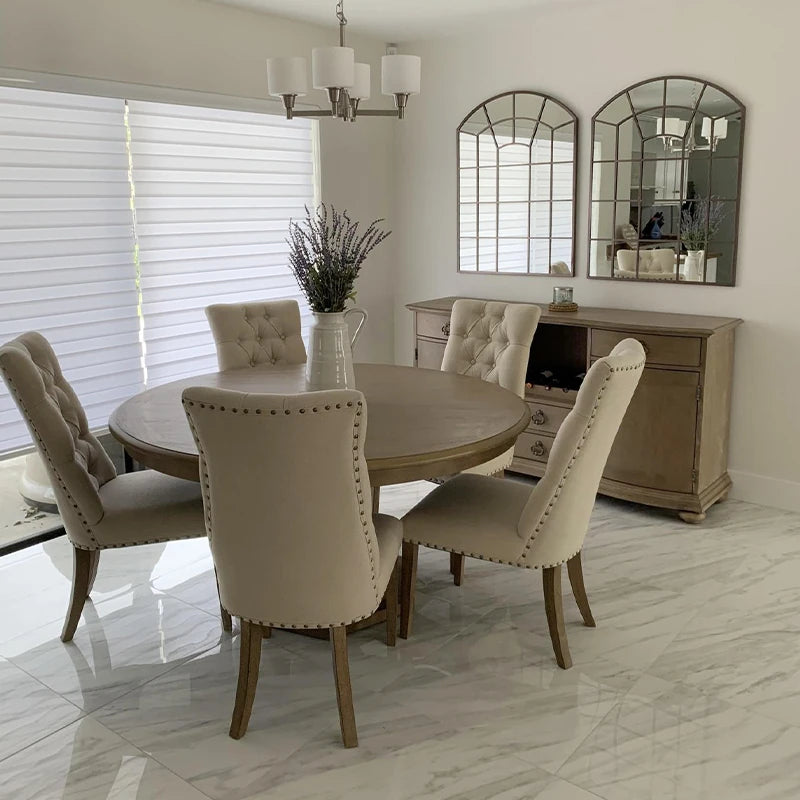 「オーク多層板製ラウンドテーブル4人用|上品なデザインでリビングを彩る」 fljgj-2110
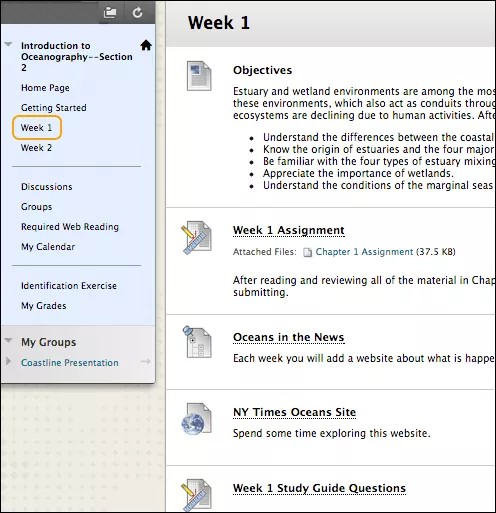 La page du cours s'ouvre avec une option de menu intitulée. L'option Semaine 1 est mise en évidence dans le panneau latéral du cours.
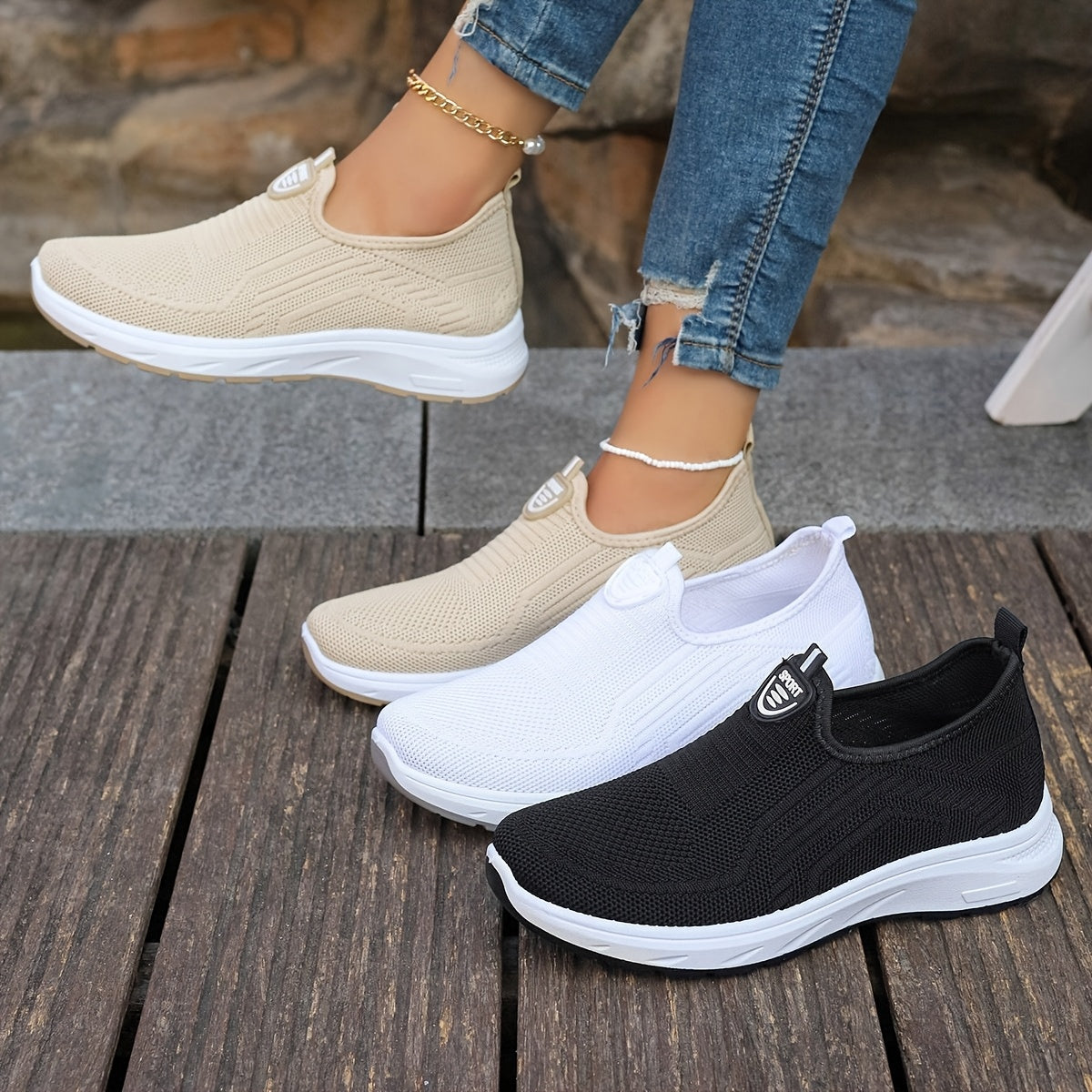 Women's Plus Size Casual Mesh Sneakers - Lightweight Breathable Slip-On Walking Shoes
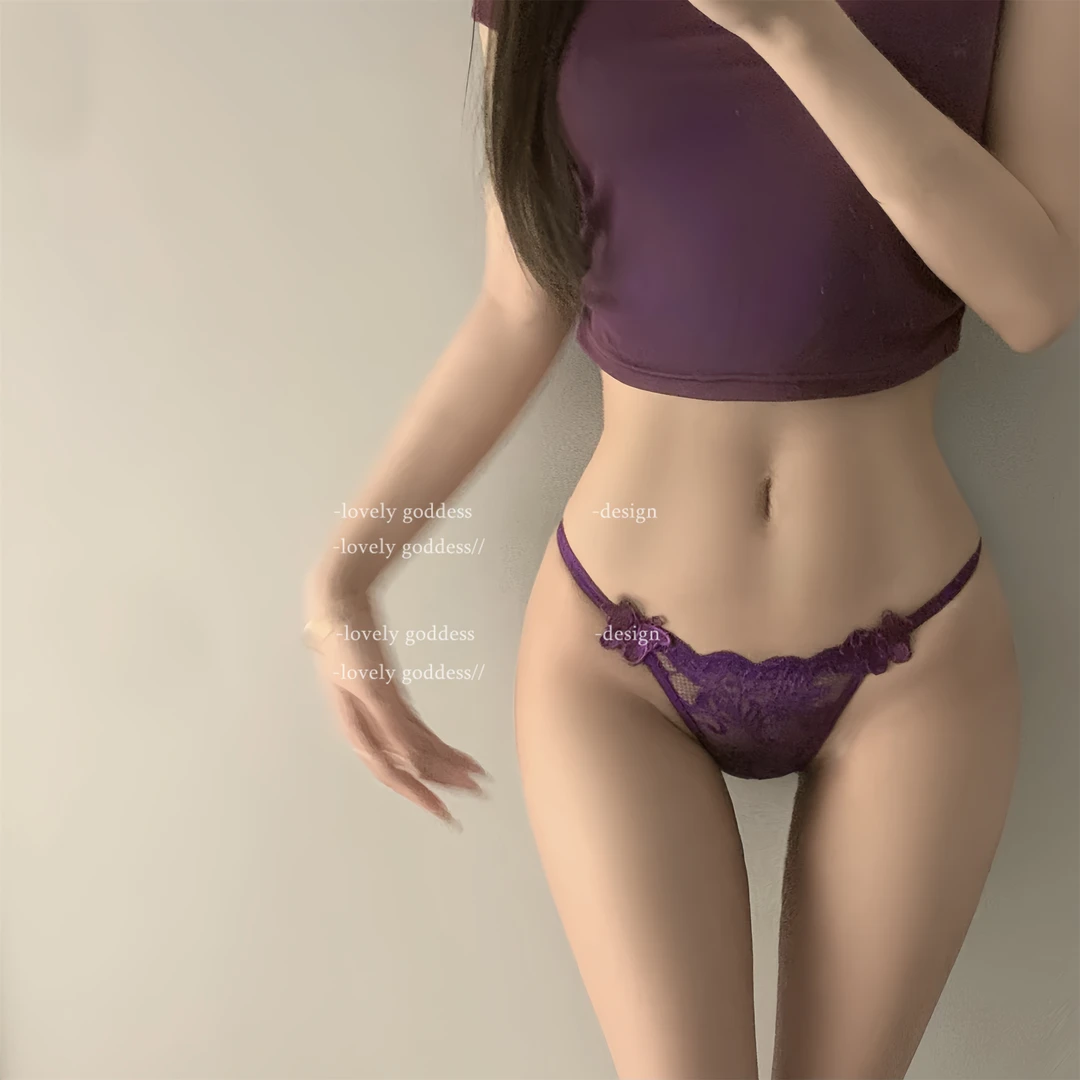 AW朦胧紫*纯欲风性感气质紫色网纱蝴蝶结内裤低腰舒适三角裤女
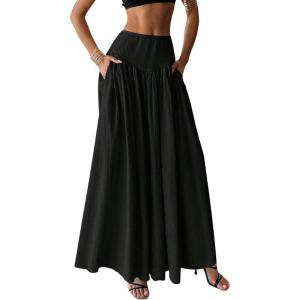 imageMilumia Womens Pleated Flowy Long Skirts High Waist Maxi Skirt with PocketBlack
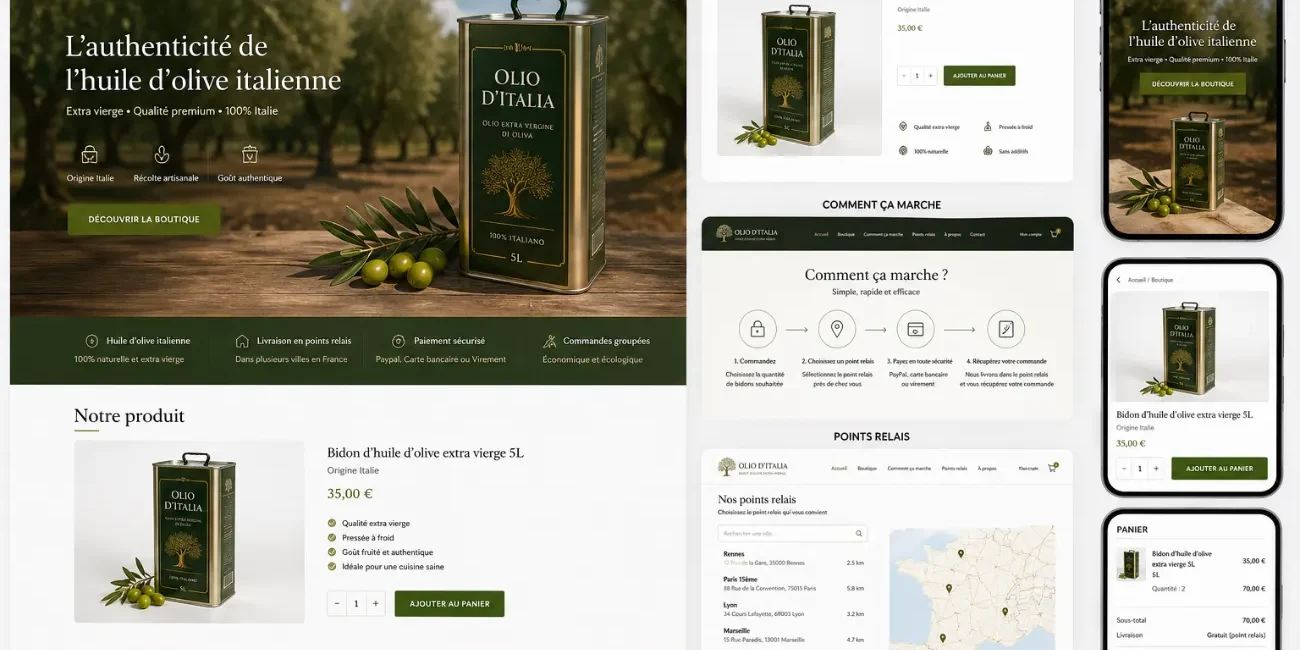 Maquette de site e-commerce pour une marque d'huile d'olive italienne, réalisée par Taladova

+===+

Leave out every picture and write out exactly the lines running from the line containing "AW朦胧紫*纯欲风性感气质紫色网纱蝴蝶结内裤低腰舒适三角裤女" to the end of the listing above.

Written answer:
 AW朦胧紫*纯欲风性感气质紫色网纱蝴蝶结内裤低腰舒适三角裤女
 imageMilumia Womens Pleated Flowy Long Skirts High Waist Maxi Skirt with PocketBlack
 Maquette de site e-commerce pour une marque d'huile d'olive italienne, réalisée par Taladova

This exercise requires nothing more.